Apple Watch App Layout Designs
Layout
Apps display the same interface on all sizes of Apple Watch, adjusting the layout as necessary. You can often use the same layout on screens that have similar areas. For example, the 40mm and 42mm screens offer approximately the same amount of space; similarly, the 41mm and 44mm screens offer about the same amount of space. The 38mm, on the other hand, offers less space, while the 45mm offers considerably more, so you may want to adjust your layout for these screens.
41mm (Series 7 and later)
45mm (Series 7 and later)
40mm (Series 4, 5, and 6)
44mm (Series 4, 5, and 6)
38mm (Series 1, 2, and 3)
42mm (Series 1, 2, and 3)
Show the same content, regardless of display size. Use relative sizing and Dynamic Type to ensure that items expand or contract naturally to fill the available space. It's also best to use the same image for all display sizes; for guidance, see Image Optimization.
Support autorotation in views people might want to show others. When people flip their wrist away, apps typically respond to the motion by sleeping the display, but in some cases it makes sense to autorotate the content. For example, a wearer might want to show an image to a friend or display a QR code to a reader. For developer guidance, see isAutorotating.
Avoid displaying too much information onscreen at the same time. People want to see the most important information instantly, so you don't want to clutter the screen with nonessential details. People can easily access secondary information by scrolling.
Create visual groupings to help people find the information they want. For example, use negative space and separator lines to place related elements and information into distinct areas.
Use the full width of the screen. Design your content to extend from one edge of the screen to the other. The Apple Watch bezel provides a natural visual padding around your content. To avoid wasting valuable space, you can also minimize the padding between elements.
Avoid placing more than two or three controls side by side in your interface. As a general rule, display no more than three buttons that contain glyphs — or two buttons that contain text — in a row. Although it's usually better to let text buttons span the full width of the screen, two side-by-side buttons with short text labels can also work well, as long as the screen doesn't scroll.
Left align elements. Left-aligned text is easier to read, while vertical stacks of buttons with text labels — especially multiline labels — are often more scannable.
Designing for Rounded Corners
Beginning with Apple Watch Series 4, the screen has rounded corners, which can clip content that's displayed too close to the edge. The top corners are typically blocked off by the navigation bar, and the clock and the app's title are inset to avoid the rounded corners. The system uses these insets to define margins that both SwiftUI and WatchKit use to help you lay out your content.
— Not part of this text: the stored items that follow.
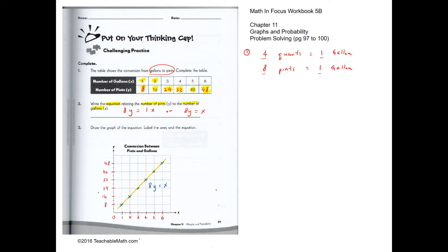Now we write the equation relating the number of pints to the number of gallons. We know that eight pints make one gallon, so we can take out the one and write: 8y equals x.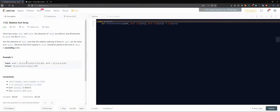Once we're done, we're left with whatever remains in the first array. Everything else will have been transplanted. What's left we can then sort and append to our output array at the end.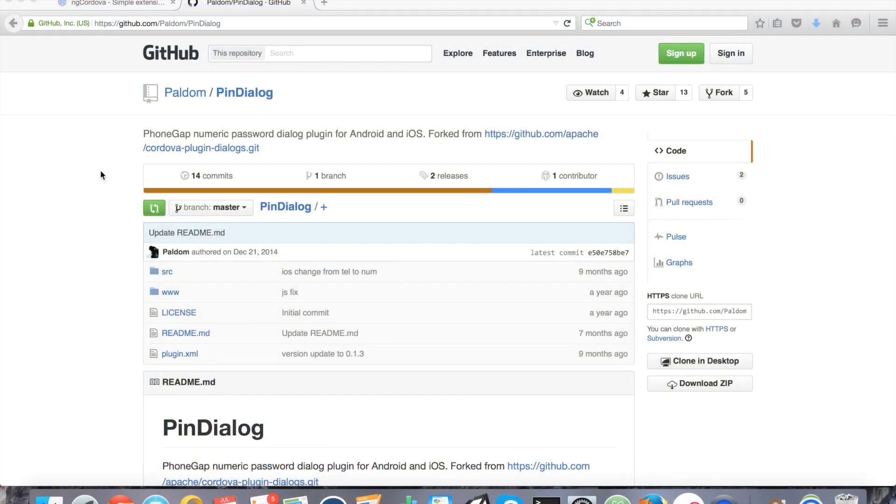Hi, so in this tutorial I'm going to show you how to create a PIN dialog type authentication and add that to your Ionic framework mobile Android and iOS application.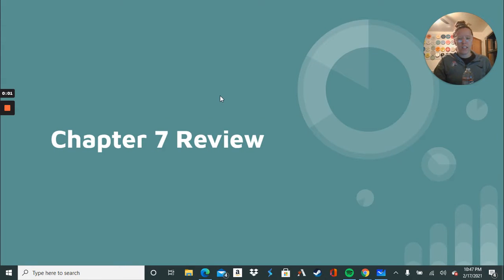Hey, 7th graders! We're at the end of chapter 7, so we will be reviewing, and then you'll have a quiz for an assignment.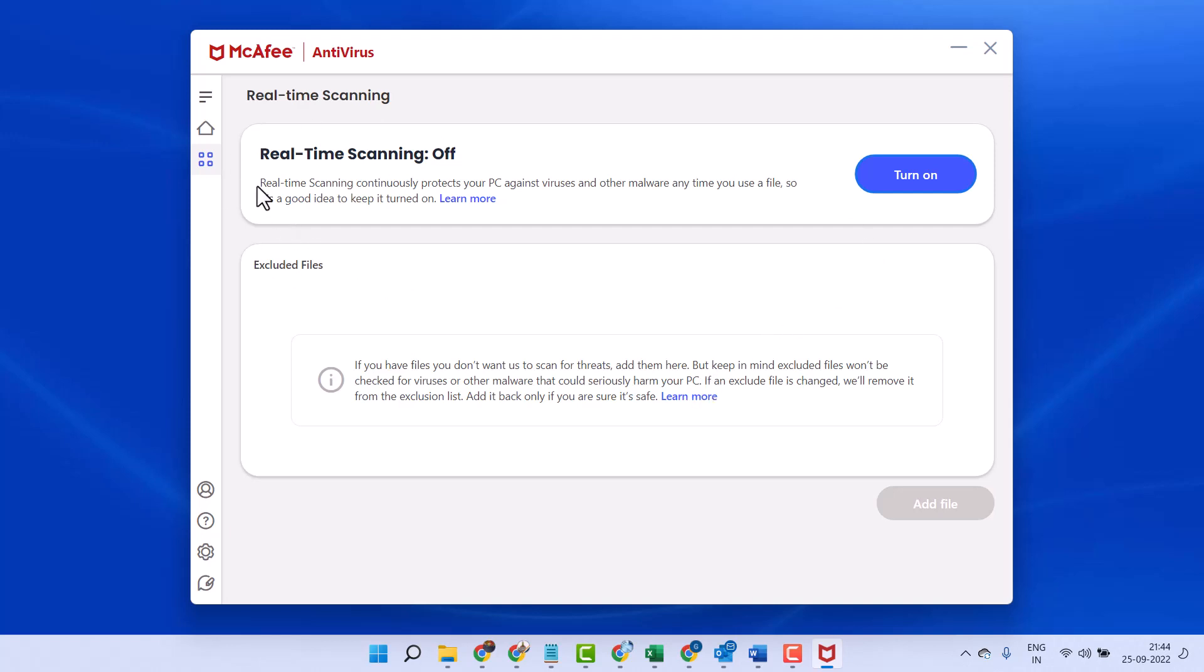So, this is the way guys, you can turn off real-time protection in Windows 11.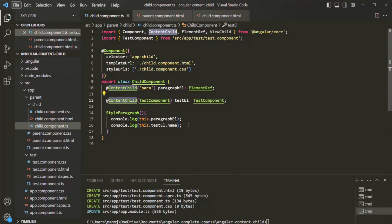So I hope with these examples, the use of the ContentChild decorator is clear to you, and also what is the difference between ContentChild and ViewChild. If you have any questions, feel free to ask. Thank you for listening and have a great day.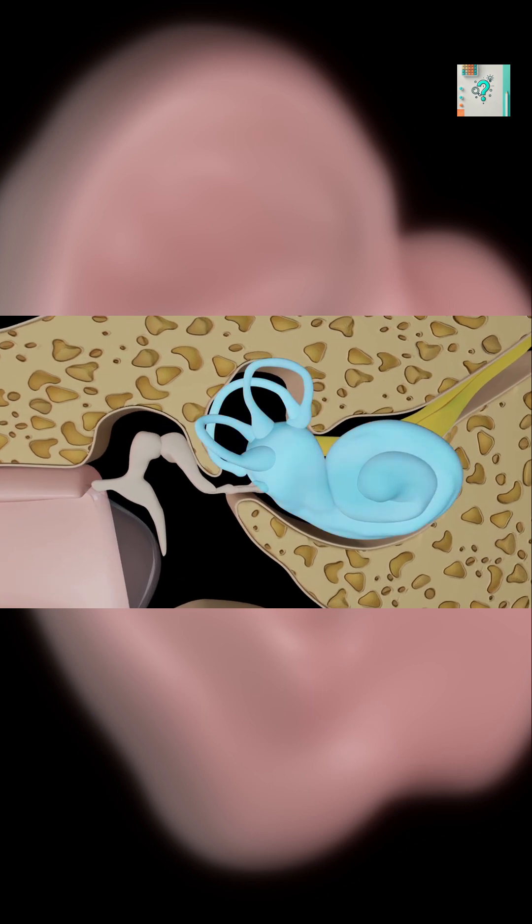Tinnitus happens when the auditory nerves send signals to the brain without a clear external cause. This can occur after exposure to loud noise, stress, lack of sleep, or subtle damage to the inner ear. When normal sound input decreases, the brain sometimes turns up the volume, creating phantom noises.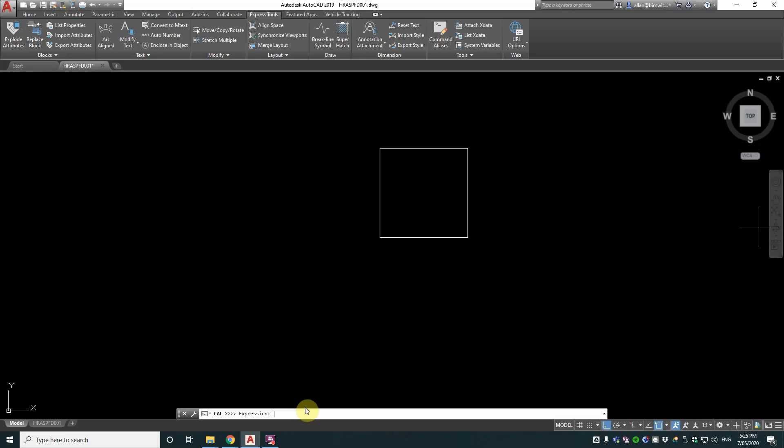So there we go, expression. Now what expression do I want to use here for what I'm trying to achieve? Well it's going to be open bracket, CUR plus CUR, close bracket, forward slash 2.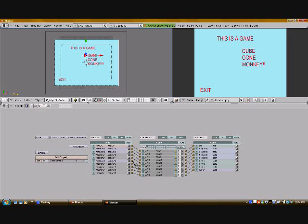And in the next tutorial, I will be showing you how to use background music for your menu. Thank you.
SwiftUI and WatchKit also respect a one-pixel boundary that the system defines at the side edges of the screen. Although text should align with the margins so that it remains legible at a glance, graphic elements and button backgrounds can extend beyond the margins and up to this one-pixel boundary. For developer guidance, see edgesIgnoringSafeArea(_:) (SwiftUI) and systemMinimumLayoutMargins (WatchKit).
40mm
44mm
As shown above, the system defines the content safe area as the region below the navigation bar and above the rounded corners at the bottom of the screen. To avoid clipping, the list rows, buttons, and other scrolling content should settle within the content safe area. For developer guidance, see safeAreaInsets (SwiftUI) and contentSafeAreaInsets (WatchKit).
When you use system containers and controls, SwiftUI and WatchKit automatically lay out and manage the contents relative to the margins and safe areas, so that your user interface appears in an optimal location on the screen.
If you create a custom layout using full-screen SpriteKit or SceneKit elements, you need to position your content according to the device's minimum layout margins and content safe areas. It's also a good idea to create your own one-pixel boundaries to avoid half-pixel aliasing at the screen edges.